→ **WORK ORDER**: Each line of the data below from the one holding "3-комн квартира Дзержинского ул, 36" to the one holding "Vendo jogos Ps3, DS, Wii, volante", inclusive, is to be reproduced exactly; no other line belongs in the answer.

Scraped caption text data
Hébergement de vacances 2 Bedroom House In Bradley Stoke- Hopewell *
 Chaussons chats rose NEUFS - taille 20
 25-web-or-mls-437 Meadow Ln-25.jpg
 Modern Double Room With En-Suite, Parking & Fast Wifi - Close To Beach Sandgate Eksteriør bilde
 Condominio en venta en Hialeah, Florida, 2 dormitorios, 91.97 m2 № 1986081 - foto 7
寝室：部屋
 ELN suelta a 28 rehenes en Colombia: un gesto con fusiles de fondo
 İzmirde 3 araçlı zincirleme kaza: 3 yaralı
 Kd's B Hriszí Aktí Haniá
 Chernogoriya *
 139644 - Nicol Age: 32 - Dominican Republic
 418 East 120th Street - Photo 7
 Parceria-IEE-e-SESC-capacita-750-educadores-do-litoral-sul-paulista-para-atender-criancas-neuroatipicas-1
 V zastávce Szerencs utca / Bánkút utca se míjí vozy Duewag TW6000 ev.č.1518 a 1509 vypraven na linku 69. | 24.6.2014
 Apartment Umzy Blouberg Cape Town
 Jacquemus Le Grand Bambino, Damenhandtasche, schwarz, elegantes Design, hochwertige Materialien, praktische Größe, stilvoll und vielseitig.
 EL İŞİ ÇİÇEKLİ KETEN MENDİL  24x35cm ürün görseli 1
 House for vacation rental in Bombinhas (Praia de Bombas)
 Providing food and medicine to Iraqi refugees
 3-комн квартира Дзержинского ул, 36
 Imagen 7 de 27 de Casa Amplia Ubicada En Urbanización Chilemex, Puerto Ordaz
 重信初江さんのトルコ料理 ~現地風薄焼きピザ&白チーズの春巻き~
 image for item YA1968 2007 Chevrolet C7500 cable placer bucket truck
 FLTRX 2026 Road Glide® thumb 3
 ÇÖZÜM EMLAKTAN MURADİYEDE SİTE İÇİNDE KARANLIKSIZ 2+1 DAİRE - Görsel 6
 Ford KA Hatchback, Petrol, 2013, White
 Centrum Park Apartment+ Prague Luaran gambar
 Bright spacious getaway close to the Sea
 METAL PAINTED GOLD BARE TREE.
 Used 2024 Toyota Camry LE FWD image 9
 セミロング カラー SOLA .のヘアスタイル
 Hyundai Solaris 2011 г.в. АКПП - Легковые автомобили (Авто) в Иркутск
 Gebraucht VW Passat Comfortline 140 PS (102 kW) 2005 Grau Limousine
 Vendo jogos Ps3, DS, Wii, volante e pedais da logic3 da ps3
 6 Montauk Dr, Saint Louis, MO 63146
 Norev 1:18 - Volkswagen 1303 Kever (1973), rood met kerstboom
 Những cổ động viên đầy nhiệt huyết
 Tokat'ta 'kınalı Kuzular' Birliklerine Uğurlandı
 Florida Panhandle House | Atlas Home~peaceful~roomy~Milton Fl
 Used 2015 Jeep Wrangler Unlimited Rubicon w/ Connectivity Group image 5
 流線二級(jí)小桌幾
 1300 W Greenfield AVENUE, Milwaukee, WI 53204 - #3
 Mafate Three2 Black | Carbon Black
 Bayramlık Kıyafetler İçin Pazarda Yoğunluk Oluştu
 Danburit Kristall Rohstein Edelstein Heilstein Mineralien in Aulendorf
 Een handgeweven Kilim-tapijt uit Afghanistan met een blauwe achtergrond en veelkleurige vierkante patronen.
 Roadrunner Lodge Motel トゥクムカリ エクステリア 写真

→ **REPLY TO THE TASK**:
 3-комн квартира Дзержинского ул, 36
 Imagen 7 de 27 de Casa Amplia Ubicada En Urbanización Chilemex, Puerto Ordaz
 重信初江さんのトルコ料理 ~現地風薄焼きピザ&白チーズの春巻き~
 image for item YA1968 2007 Chevrolet C7500 cable placer bucket truck
 FLTRX 2026 Road Glide® thumb 3
 ÇÖZÜM EMLAKTAN MURADİYEDE SİTE İÇİNDE KARANLIKSIZ 2+1 DAİRE - Görsel 6
 Ford KA Hatchback, Petrol, 2013, White
 Centrum Park Apartment+ Prague Luaran gambar
 Bright spacious getaway close to the Sea
 METAL PAINTED GOLD BARE TREE.
 Used 2024 Toyota Camry LE FWD image 9
 セミロング カラー SOLA .のヘアスタイル
 Hyundai Solaris 2011 г.в. АКПП - Легковые автомобили (Авто) в Иркутск
 Gebraucht VW Passat Comfortline 140 PS (102 kW) 2005 Grau Limousine
 Vendo jogos Ps3, DS, Wii, volante e pedais da logic3 da ps3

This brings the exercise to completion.